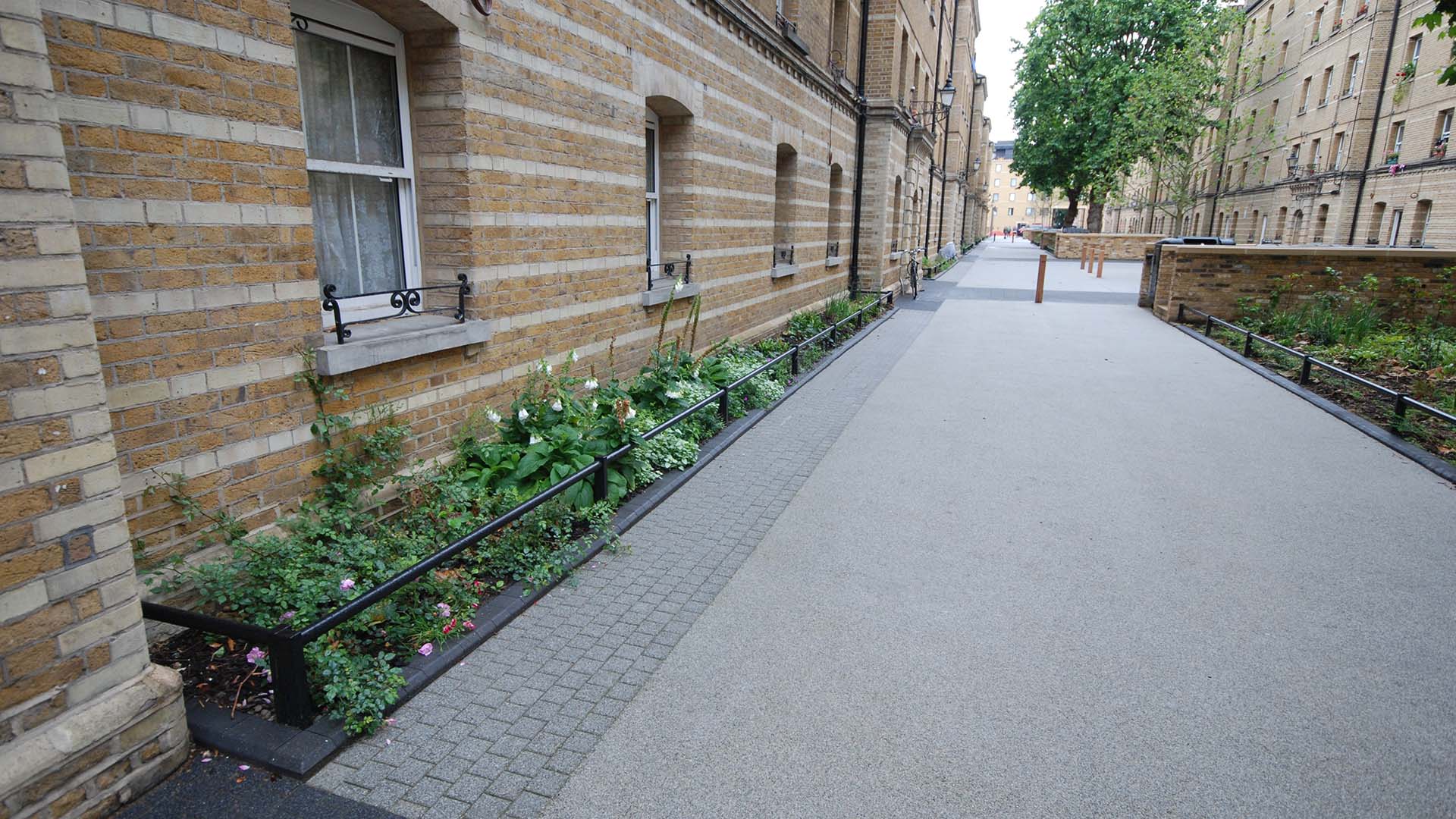 pic5.jpg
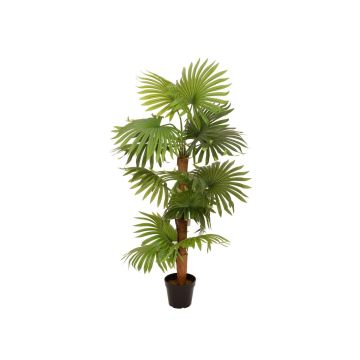 Palmera artificial Livistona rotundifolia GHADA, 130 cm Palmera artificial Livistona rotundifolia GHADA, 130 cm
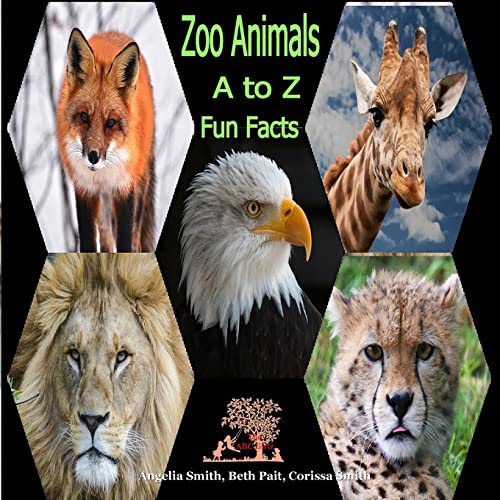 9781522982777: zoo Animals: A to Z (Bright)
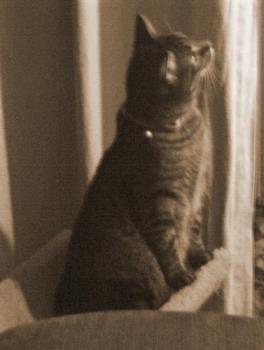 Simba and his spirits - Staring into space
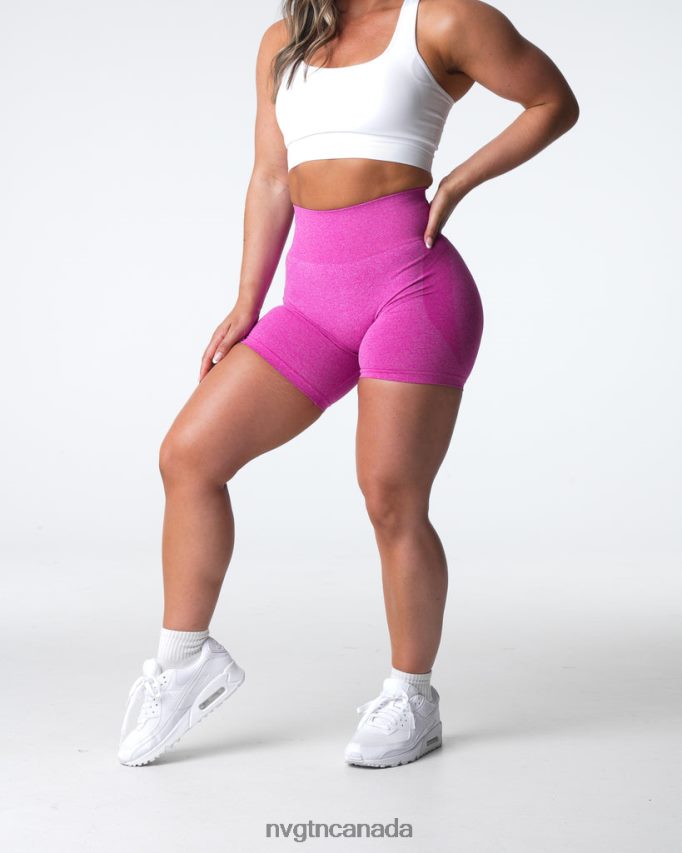 NVGTN Fitness Women Contour Seamless Shorts Maui HJXFTJ334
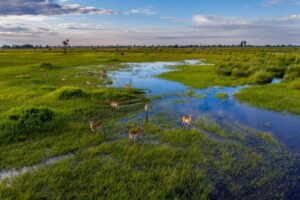 okavango delta botswana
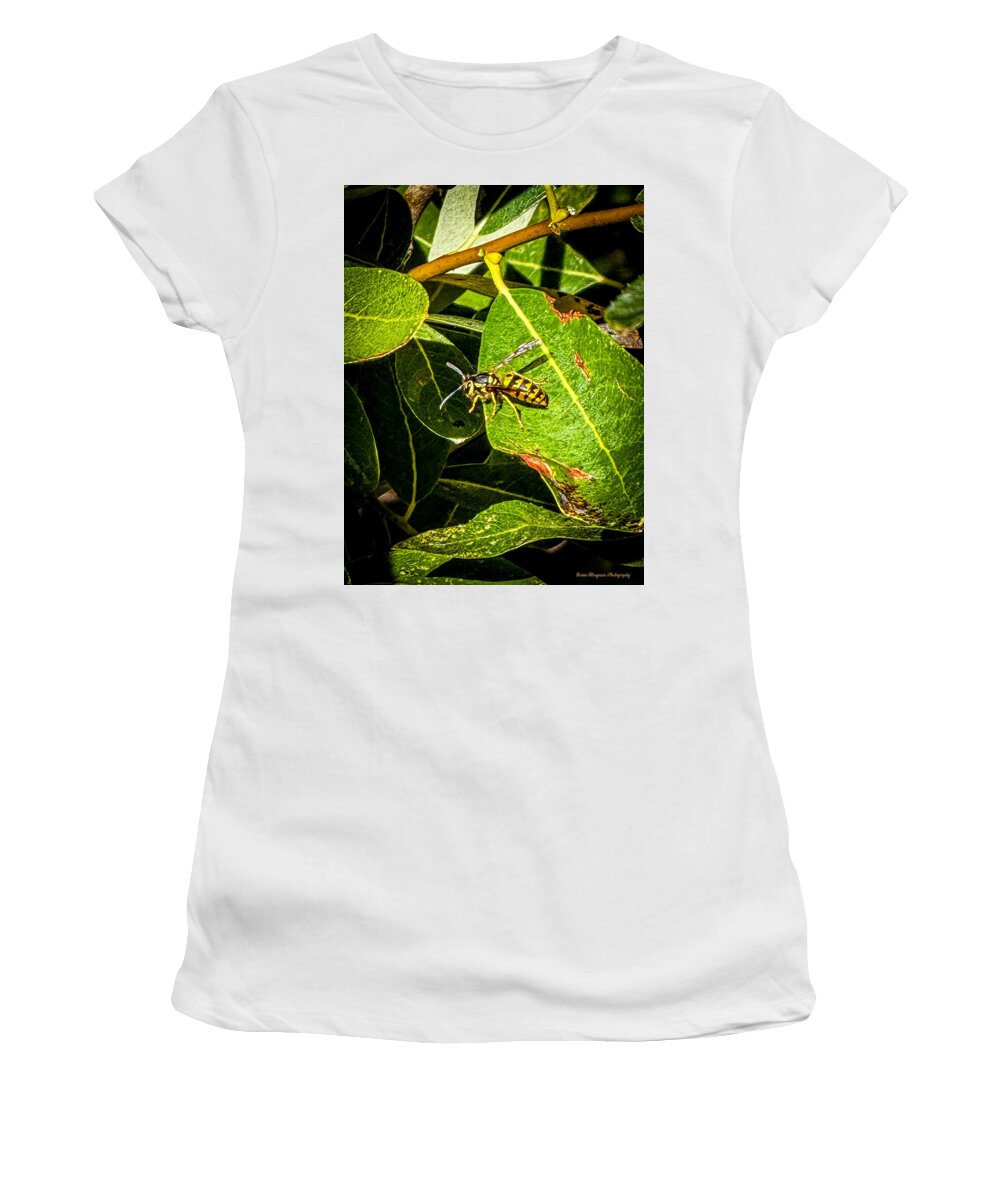 Yellow jacket  - Women's T-Shirt
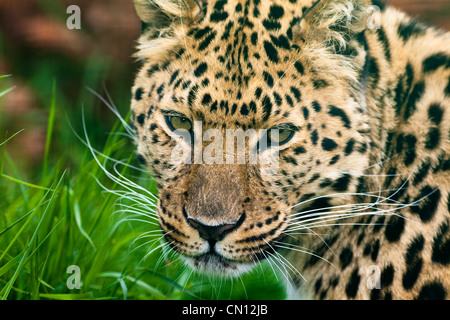 Amur leopard - Panthera pardus Foto Stock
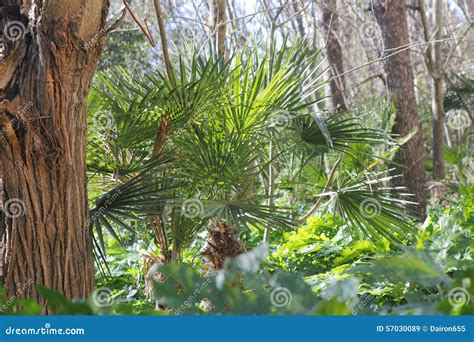Palm Jungle Stock Image Image Of Grass Landscape Tree 57030089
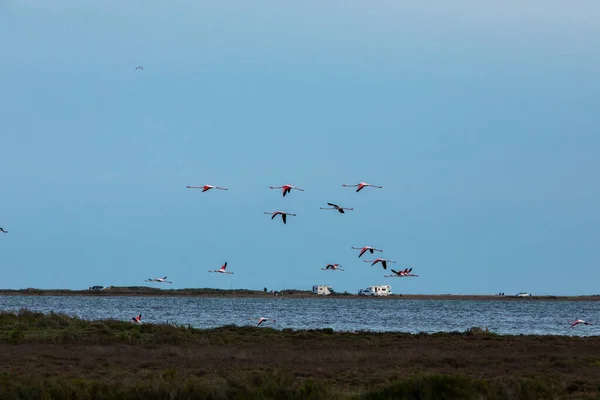 Flamingos Delta Ebre Nature Park Tarragona North Spain — стокове фото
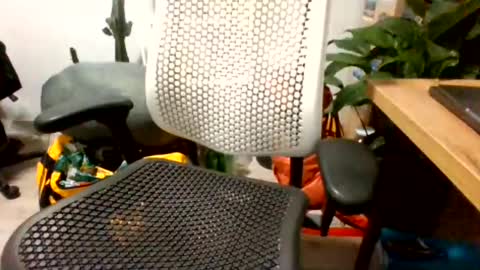 bigpolishdick12345 online show from June 24, 11:04 pm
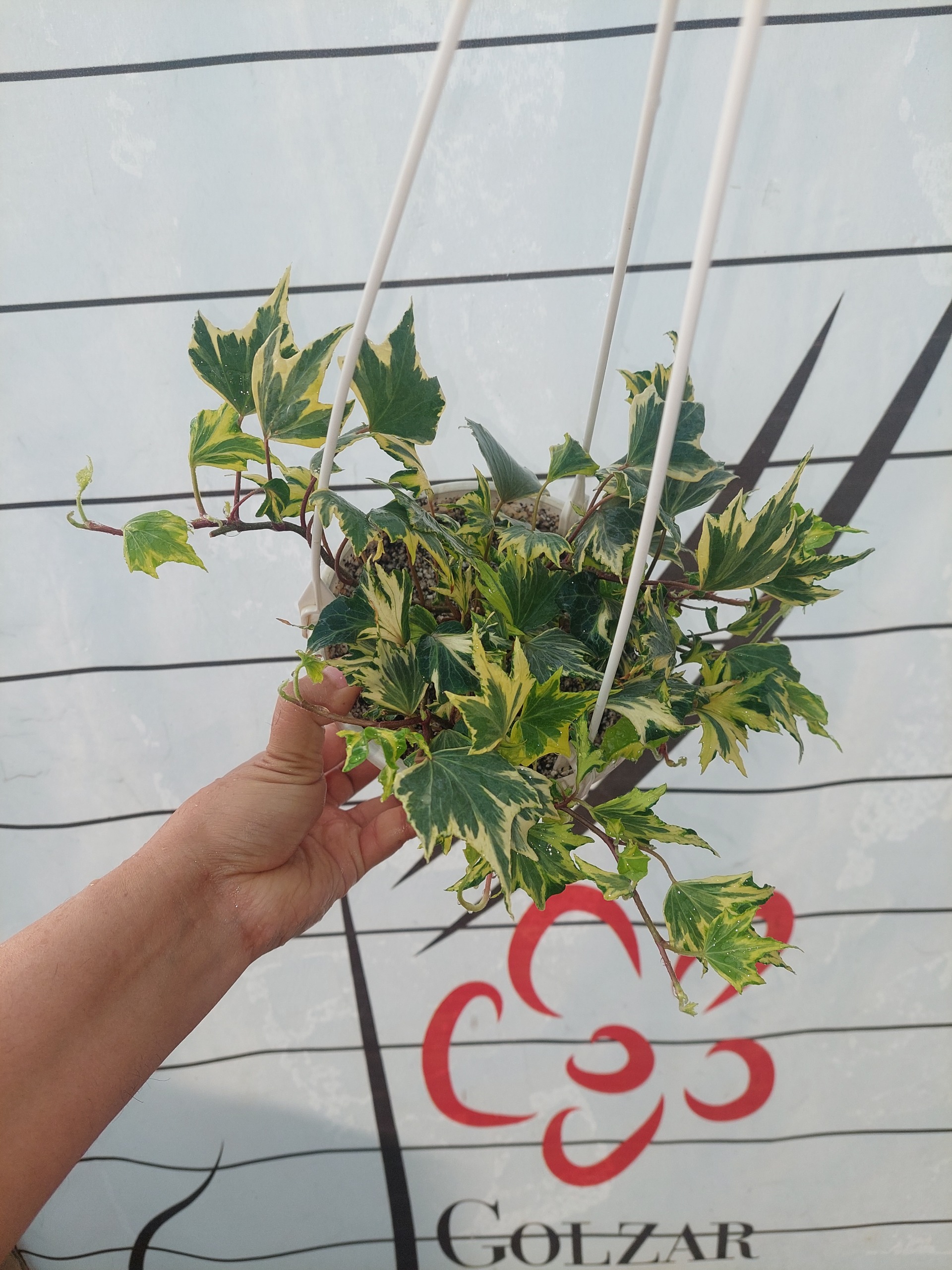 گل پاپیتال سوزنی کاسه ای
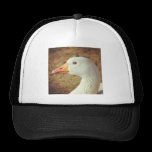 Square Photo - Goose (Close-up) chapeaux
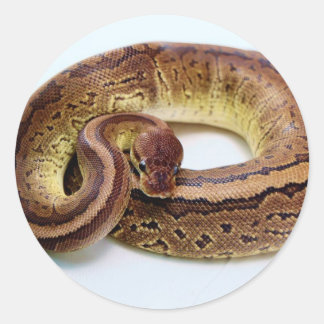 Brown Ball Python Resting Classic Round Sticker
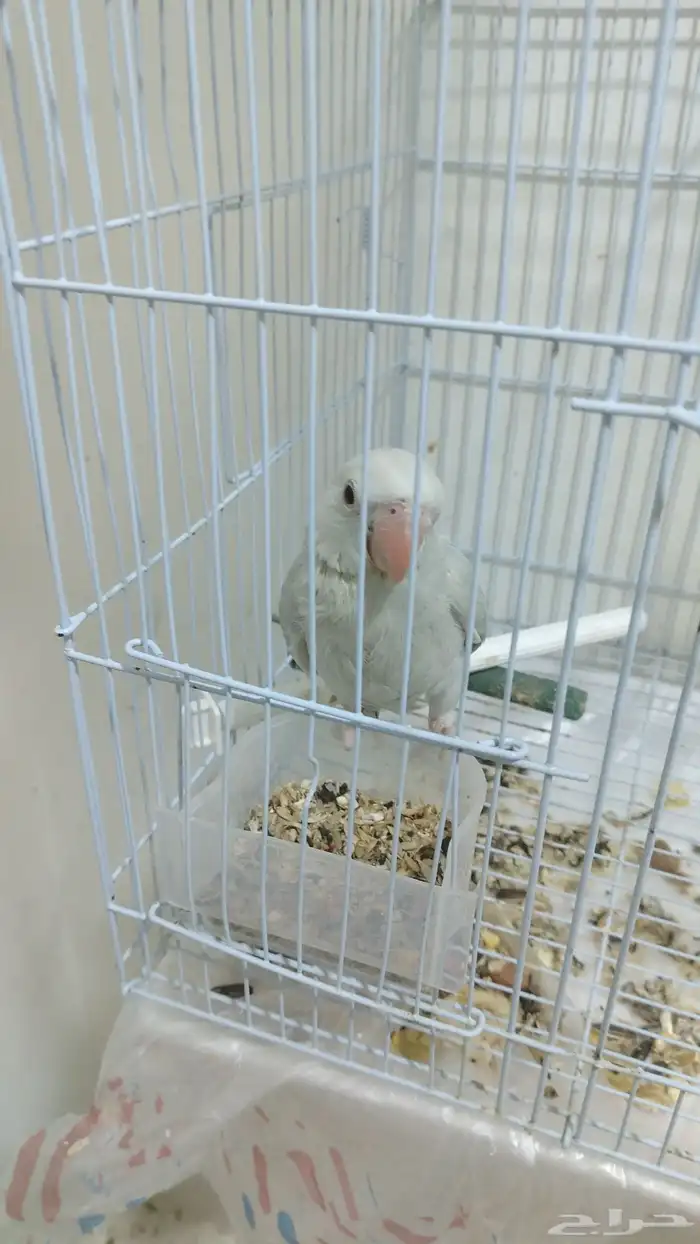 فندقة طيور أرانب بأسعار تناسب الجميع 3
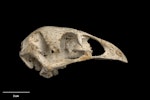 Stout-legged moa | Moa hakahaka. Skull (lateral). Purchased 1995. Specimen registration no. S.030212; image no. MA_I251450. Irvines Tomo, Paynes Ford, Takaka Valley, August 1992. Image © Te Papa.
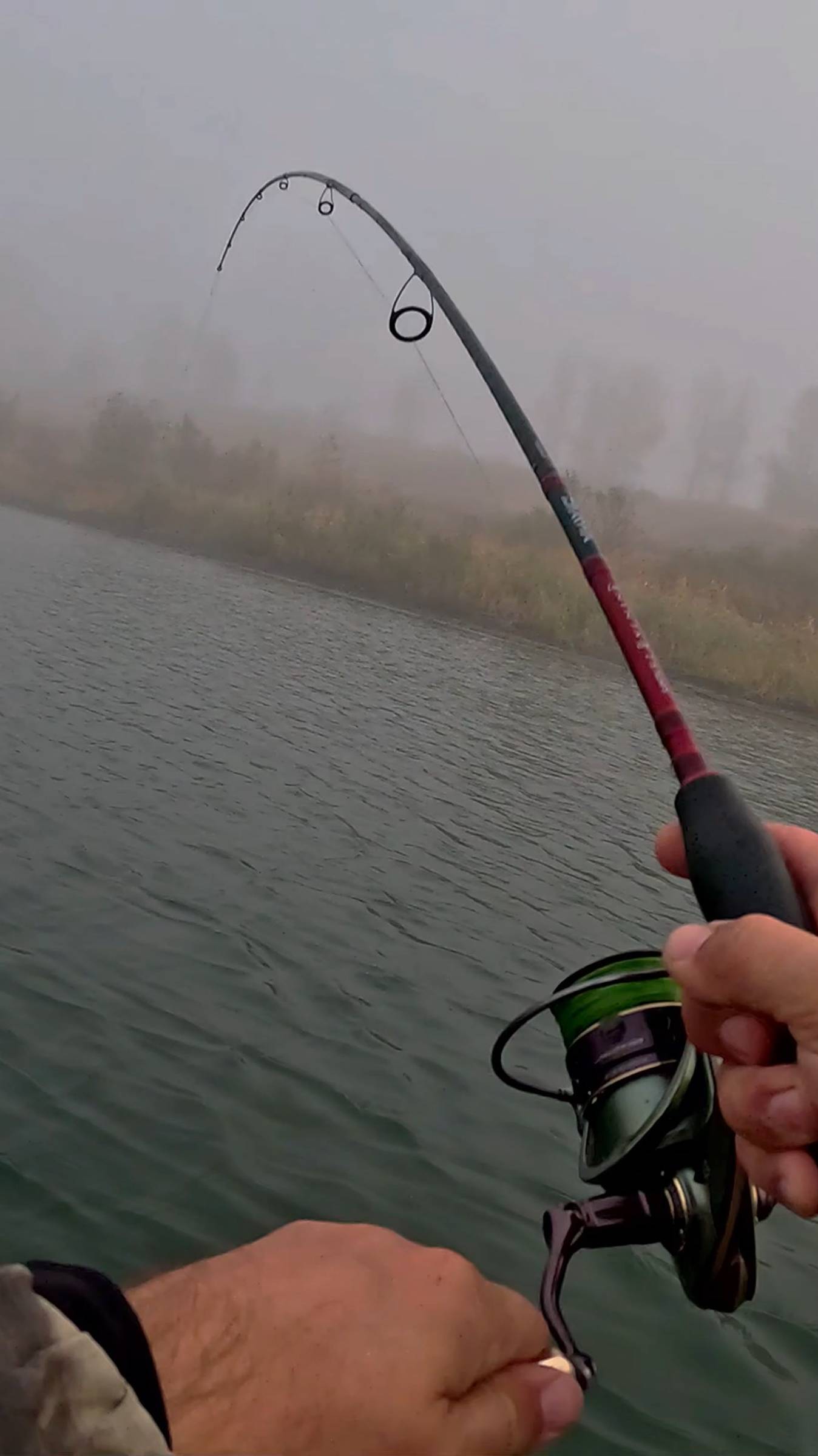 Щука с первого заброса! Dingo 100S!💥😱 #shorts #luremax #щука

**Goal of the exercise:** When copying from the data above, begin at the line containing "Palmera artificial Livistona rotundifolia GHADA, 130 cm Palmera" and end at the line containing "okavango delta botswana"; return those lines exactly and leave all pictures behind.

**Task result:**
 Palmera artificial Livistona rotundifolia GHADA, 130 cm Palmera artificial Livistona rotundifolia GHADA, 130 cm
 9781522982777: zoo Animals: A to Z (Bright)
 Simba and his spirits - Staring into space
 NVGTN Fitness Women Contour Seamless Shorts Maui HJXFTJ334
 okavango delta botswana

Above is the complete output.